In [8]:
import pandas as pd
import time
import numpy as np

## Bike Share Data

In [2]:
CITY_DATA = {'chicago': 'chicago.csv',
             'new york city': 'new_york_city.csv',
             'washington': 'washington.csv'}

def get_filters():
    """
    Asks user to specify a city, month, and day to analyze.

    Returns:
        (str) city - name of the city to analyze
        (str) month - name of the month to filter by, or "all" to apply no month filter
        (str) day - name of the day of week to filter by, or "all" to apply no day filter
    """
    print('Hello! Let\'s explore some US bikeshare data!')
    cities = ('chicago', 'new york city', 'washington')
    months = ('all', 'january', 'february', 'march', 'april', 'may', 'june')
    days = ('all', 'monday', 'tuesday', 'wednesday', 'thursday', 'friday', 'saturday', 'sunday')
    # TO DO: get user input for city (chicago, new york city, washington). HINT: Use a while loop to handle invalid inputs
    city = input("Enter the name of the city to analyze (chicago, new york city, washington) : ").lower()
    while city not in cities:
        print("Enter a Valid Name!!")
        city = input("Enter the name of the city to analyze (chicago, new york city, washington) : ").lower()

    # TO DO: get user input for month (all, january, february, ... , june)
    month = input(
        "Enter the name of the month to filter by, or all to apply no month filter (all, january, february, ... , june) : ").lower()
    while month not in months:
        print("Enter a Valid Name!!")
        month = input(
            "Enter the name of the month to filter by, or all to apply no month filter (all, january, february, ... , june) : ").lower()
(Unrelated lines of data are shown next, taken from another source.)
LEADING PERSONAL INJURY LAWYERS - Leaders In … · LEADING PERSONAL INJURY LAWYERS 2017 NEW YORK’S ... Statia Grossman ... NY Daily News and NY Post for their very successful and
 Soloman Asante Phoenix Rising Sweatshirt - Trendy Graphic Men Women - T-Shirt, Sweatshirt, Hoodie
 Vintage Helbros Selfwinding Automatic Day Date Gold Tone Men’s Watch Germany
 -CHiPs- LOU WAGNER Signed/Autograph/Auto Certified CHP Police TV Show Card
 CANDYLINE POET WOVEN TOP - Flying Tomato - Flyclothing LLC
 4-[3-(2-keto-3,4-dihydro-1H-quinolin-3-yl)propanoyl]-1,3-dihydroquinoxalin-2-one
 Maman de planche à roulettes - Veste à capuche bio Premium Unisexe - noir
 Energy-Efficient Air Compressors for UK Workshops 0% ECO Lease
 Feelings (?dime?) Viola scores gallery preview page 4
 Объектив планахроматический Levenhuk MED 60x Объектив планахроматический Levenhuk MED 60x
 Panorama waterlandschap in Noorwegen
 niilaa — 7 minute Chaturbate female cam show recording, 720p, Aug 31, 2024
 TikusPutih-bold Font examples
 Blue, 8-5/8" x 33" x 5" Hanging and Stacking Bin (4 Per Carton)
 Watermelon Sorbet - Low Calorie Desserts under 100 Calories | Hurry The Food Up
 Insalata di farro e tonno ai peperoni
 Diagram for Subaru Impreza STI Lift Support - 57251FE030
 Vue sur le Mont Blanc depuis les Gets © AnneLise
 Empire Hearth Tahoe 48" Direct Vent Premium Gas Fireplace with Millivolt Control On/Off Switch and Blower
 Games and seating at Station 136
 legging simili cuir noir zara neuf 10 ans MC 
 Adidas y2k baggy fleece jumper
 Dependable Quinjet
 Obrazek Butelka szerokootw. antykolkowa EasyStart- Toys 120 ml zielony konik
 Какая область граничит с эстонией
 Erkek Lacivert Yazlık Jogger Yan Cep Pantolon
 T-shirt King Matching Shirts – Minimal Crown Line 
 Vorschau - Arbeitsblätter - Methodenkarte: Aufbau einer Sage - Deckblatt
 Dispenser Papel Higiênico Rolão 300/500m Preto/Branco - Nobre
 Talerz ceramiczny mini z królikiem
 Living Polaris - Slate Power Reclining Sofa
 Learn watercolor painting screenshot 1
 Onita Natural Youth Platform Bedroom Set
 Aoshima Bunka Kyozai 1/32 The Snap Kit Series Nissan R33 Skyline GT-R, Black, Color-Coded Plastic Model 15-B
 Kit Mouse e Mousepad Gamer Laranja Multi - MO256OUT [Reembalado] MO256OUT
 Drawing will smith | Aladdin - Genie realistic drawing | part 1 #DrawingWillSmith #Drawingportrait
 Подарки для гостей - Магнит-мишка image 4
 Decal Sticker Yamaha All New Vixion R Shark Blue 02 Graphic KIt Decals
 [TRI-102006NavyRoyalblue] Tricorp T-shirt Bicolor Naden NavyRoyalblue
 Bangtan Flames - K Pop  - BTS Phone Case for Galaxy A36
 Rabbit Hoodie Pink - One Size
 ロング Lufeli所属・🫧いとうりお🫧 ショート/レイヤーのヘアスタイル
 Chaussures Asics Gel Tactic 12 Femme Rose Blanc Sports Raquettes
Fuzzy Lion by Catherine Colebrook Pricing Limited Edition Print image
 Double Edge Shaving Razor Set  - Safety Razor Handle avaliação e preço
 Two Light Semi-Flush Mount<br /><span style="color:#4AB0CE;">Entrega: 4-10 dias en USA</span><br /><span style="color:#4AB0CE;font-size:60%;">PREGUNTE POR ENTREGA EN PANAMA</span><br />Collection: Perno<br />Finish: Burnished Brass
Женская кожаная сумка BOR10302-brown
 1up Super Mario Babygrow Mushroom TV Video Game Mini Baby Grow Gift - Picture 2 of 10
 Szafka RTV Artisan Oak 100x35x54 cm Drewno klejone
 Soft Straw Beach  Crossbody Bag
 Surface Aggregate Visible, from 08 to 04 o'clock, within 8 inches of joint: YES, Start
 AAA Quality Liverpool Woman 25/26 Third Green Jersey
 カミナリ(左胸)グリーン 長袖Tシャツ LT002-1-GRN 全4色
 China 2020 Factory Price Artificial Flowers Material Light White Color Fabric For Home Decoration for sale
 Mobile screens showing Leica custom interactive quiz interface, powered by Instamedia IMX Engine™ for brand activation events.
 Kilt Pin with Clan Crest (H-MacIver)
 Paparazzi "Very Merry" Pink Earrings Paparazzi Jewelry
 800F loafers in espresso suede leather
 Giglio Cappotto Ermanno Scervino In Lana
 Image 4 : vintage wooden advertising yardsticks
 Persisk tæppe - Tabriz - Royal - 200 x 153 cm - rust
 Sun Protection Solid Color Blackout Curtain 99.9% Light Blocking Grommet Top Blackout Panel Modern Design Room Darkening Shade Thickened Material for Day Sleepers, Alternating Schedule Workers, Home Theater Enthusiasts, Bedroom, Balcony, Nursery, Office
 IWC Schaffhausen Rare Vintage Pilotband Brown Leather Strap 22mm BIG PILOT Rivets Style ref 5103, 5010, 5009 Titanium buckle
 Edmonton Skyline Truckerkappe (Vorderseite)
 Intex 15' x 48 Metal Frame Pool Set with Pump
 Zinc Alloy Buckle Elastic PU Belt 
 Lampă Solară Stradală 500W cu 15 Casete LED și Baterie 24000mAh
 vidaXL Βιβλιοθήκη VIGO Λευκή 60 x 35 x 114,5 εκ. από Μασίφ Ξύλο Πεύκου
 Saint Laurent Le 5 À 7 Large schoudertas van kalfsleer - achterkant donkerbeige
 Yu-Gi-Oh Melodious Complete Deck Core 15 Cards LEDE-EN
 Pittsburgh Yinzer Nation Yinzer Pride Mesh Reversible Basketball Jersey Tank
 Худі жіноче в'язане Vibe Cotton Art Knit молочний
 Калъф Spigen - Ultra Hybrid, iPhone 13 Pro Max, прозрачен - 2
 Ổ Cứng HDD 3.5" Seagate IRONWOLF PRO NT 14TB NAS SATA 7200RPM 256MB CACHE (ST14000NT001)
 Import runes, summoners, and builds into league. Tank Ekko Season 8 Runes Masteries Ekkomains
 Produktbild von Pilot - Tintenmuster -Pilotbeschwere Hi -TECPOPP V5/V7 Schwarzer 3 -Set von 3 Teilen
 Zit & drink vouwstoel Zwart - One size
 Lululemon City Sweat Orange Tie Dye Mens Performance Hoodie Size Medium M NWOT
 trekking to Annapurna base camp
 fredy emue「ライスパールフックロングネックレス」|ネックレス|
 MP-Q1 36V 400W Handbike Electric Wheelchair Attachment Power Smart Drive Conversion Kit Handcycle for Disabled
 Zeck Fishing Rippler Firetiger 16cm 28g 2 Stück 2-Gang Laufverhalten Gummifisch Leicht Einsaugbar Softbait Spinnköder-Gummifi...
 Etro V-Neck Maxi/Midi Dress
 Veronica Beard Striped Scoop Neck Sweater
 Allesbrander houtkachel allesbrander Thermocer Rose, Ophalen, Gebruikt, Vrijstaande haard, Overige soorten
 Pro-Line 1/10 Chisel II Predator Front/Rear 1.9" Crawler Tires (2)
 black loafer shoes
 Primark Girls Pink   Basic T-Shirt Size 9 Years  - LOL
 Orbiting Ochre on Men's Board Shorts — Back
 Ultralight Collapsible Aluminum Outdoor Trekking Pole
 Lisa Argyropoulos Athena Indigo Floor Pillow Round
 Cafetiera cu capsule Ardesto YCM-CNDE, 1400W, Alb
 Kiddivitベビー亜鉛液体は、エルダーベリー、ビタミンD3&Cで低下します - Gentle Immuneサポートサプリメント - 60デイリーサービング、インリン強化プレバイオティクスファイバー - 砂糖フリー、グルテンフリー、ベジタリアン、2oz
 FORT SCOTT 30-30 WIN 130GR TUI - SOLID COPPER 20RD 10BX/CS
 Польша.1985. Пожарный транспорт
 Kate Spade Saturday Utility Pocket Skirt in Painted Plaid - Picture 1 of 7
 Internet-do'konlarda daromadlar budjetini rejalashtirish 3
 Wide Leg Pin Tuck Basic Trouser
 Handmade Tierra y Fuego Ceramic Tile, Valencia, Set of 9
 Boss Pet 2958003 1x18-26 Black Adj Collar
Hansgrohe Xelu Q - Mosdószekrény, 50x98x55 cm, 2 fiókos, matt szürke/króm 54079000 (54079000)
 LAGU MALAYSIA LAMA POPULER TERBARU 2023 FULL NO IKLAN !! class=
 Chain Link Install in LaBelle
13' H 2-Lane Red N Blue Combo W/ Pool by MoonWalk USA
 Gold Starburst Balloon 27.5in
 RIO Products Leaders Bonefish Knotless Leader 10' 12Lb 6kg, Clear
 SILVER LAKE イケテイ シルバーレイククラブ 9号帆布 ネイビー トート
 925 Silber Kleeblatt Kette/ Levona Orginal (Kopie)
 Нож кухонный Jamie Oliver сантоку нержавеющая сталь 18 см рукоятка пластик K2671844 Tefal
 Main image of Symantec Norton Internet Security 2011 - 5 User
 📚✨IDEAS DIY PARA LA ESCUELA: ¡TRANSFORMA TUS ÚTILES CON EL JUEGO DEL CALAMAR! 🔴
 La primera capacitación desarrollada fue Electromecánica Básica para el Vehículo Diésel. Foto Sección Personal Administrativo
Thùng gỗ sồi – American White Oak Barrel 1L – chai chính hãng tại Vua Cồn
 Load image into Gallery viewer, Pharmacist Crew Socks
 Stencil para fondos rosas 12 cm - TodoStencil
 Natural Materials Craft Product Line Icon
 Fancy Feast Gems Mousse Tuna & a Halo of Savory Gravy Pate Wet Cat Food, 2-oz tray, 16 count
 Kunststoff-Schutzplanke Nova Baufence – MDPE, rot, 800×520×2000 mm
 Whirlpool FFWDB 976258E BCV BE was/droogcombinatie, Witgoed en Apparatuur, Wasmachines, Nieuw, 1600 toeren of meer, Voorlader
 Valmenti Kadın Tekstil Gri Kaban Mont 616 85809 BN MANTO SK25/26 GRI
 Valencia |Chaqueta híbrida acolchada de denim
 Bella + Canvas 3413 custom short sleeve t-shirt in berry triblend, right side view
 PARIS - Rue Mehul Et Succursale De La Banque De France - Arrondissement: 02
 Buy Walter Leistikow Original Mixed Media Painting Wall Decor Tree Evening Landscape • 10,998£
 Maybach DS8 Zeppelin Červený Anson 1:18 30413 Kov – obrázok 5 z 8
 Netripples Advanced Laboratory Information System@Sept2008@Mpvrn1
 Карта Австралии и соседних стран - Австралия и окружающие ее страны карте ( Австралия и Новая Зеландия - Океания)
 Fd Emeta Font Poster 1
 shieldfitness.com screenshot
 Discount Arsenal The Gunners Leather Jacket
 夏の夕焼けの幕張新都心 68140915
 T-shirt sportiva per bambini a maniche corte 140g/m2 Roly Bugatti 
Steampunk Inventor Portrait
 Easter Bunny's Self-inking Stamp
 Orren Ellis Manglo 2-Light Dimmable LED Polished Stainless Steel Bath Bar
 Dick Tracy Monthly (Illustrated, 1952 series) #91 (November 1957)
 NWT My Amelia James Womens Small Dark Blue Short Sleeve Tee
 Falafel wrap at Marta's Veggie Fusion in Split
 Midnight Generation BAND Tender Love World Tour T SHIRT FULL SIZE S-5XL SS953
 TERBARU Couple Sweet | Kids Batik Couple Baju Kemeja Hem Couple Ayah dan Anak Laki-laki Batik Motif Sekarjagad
    # TO DO: get user input for day of week (all, monday, tuesday, ... sunday)
    day = input(
        "Enter the name of the day of week to filter by, or all to apply no day filter (all, monday, tuesday, ... sunday) : ").lower()
    while day not in days:
        print("Enter a Valid Name!!")
        day = input(
            "Enter the name of the day of week to filter by, or all to apply no day filter (all, monday, tuesday, ... sunday) : ").lower()

    print('-' * 40)
    return city, month, day

city,month,day = get_filters()

Hello! Let's explore some US bikeshare data!
Enter the name of the city to analyze (chicago, new york city, washington) : new york city
Enter the name of the month to filter by, or all to apply no month filter (all, january, february, ... , june) : june
Enter the name of the day of week to filter by, or all to apply no day filter (all, monday, tuesday, ... sunday) : monday
----------------------------------------


In [3]:
def load_data(city, month, day):
    """
    Loads data for the specified city and filters by month and day if applicable.

    Args:
        (str) city - name of the city to analyze
        (str) month - name of the month to filter by, or "all" to apply no month filter
        (str) day - name of the day of week to filter by, or "all" to apply no day filter
    Returns:
        df - Pandas DataFrame containing city data filtered by month and day
    """
    df = pd.read_csv(CITY_DATA[city])

    df['Start Time'] = pd.to_datetime(df['Start Time'])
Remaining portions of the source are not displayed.